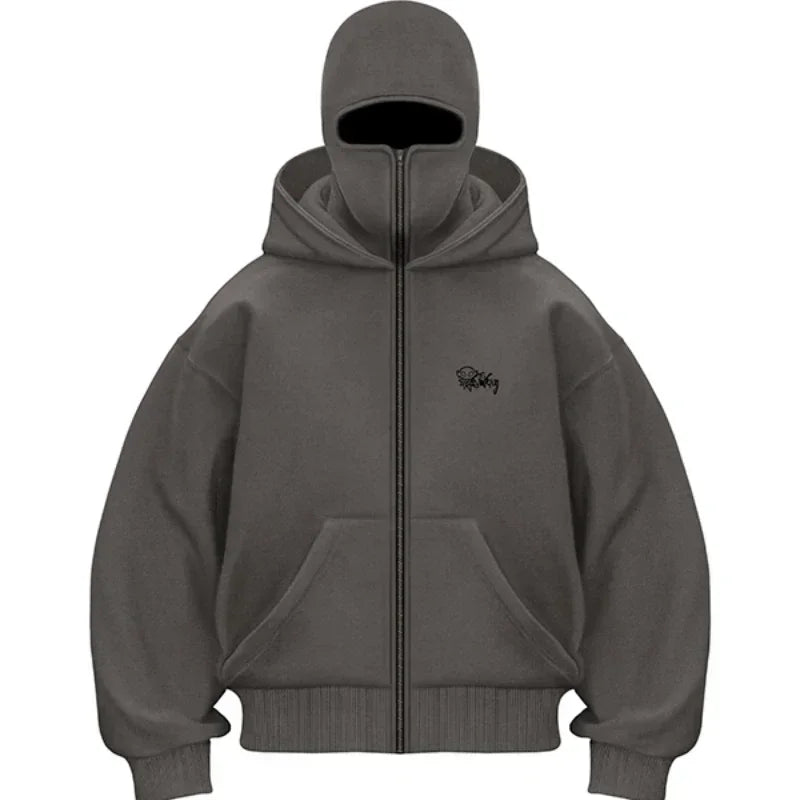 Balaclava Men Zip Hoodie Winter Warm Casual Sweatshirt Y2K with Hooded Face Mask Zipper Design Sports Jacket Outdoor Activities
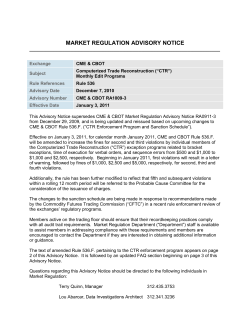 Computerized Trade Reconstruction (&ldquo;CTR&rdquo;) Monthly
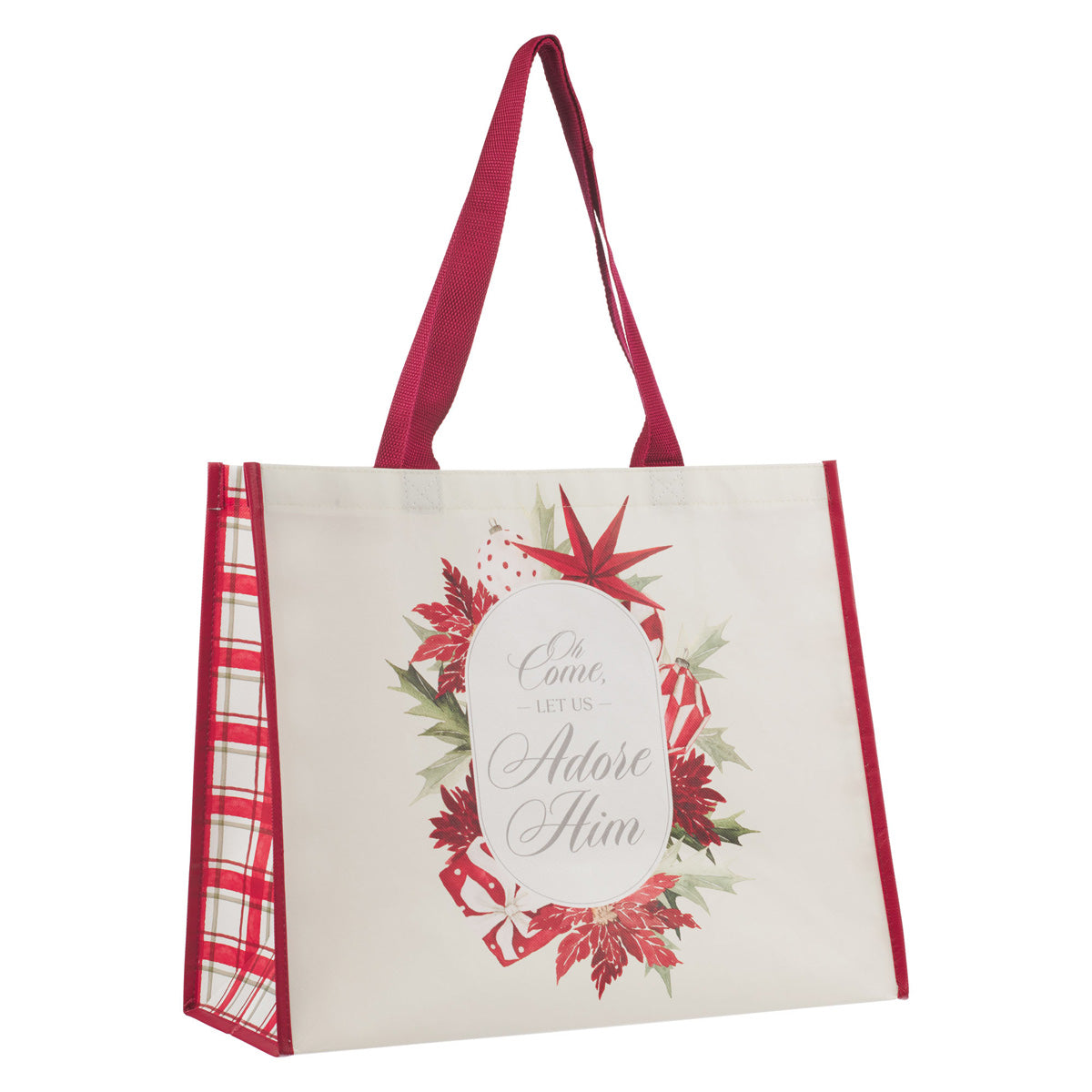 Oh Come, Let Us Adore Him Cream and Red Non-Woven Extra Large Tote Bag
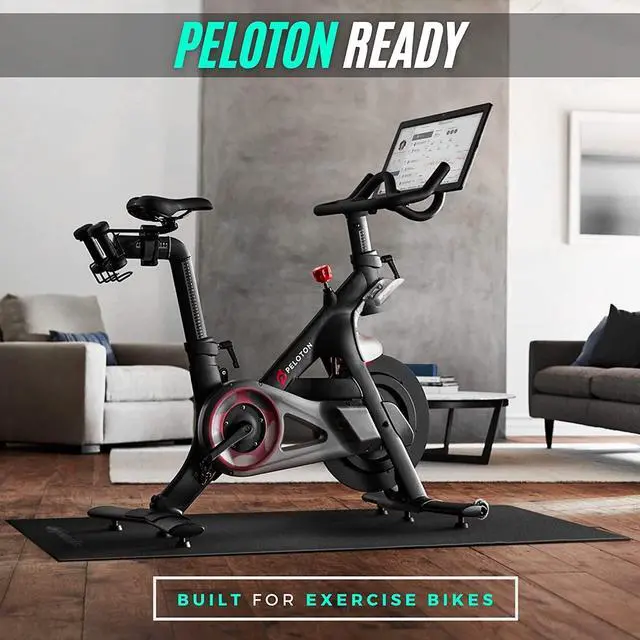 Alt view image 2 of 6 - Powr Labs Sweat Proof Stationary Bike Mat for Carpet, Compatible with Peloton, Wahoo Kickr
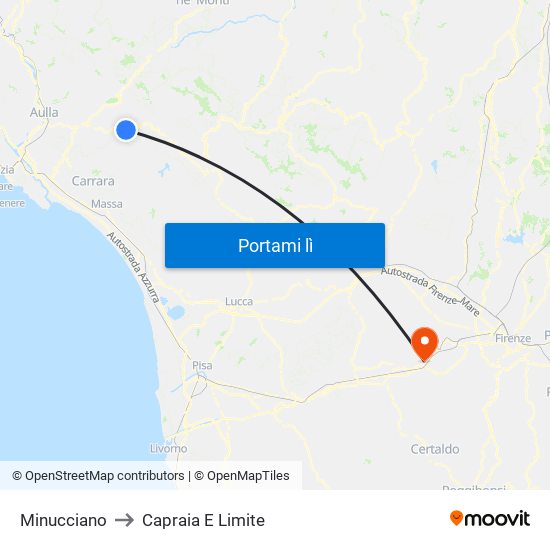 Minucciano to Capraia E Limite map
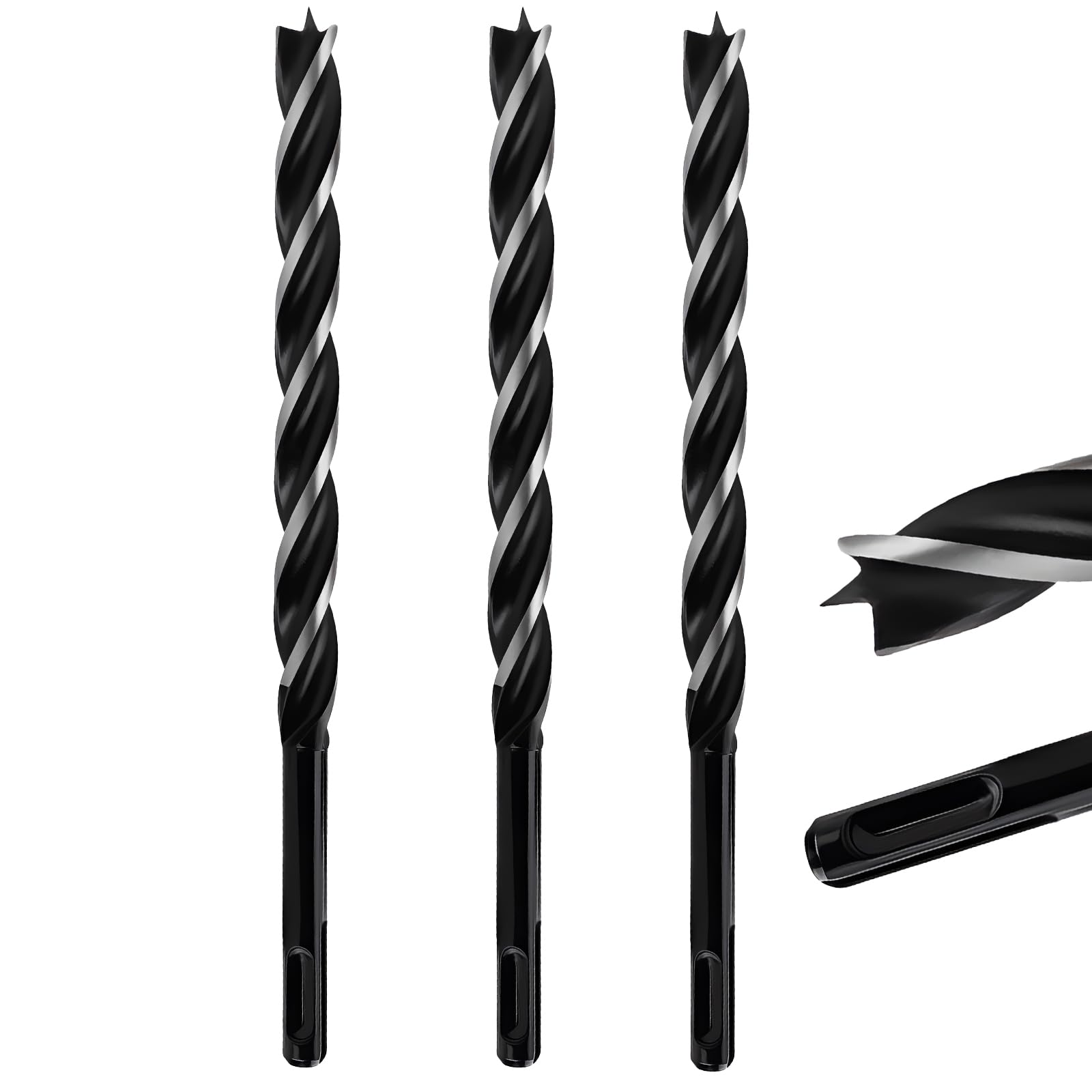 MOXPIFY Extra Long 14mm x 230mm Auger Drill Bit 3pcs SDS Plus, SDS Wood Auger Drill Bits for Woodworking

------------------------------------------------

Activity ▸
Begin at the line containing "Alt view image" and transcribe exactly every line through the end of the records, both ends included, leaving the pictures out.

Worked solution ▸
 Alt view image 2 of 6 - Powr Labs Sweat Proof Stationary Bike Mat for Carpet, Compatible with Peloton, Wahoo Kickr
 Minucciano to Capraia E Limite map
 MOXPIFY Extra Long 14mm x 230mm Auger Drill Bit 3pcs SDS Plus, SDS Wood Auger Drill Bits for Woodworking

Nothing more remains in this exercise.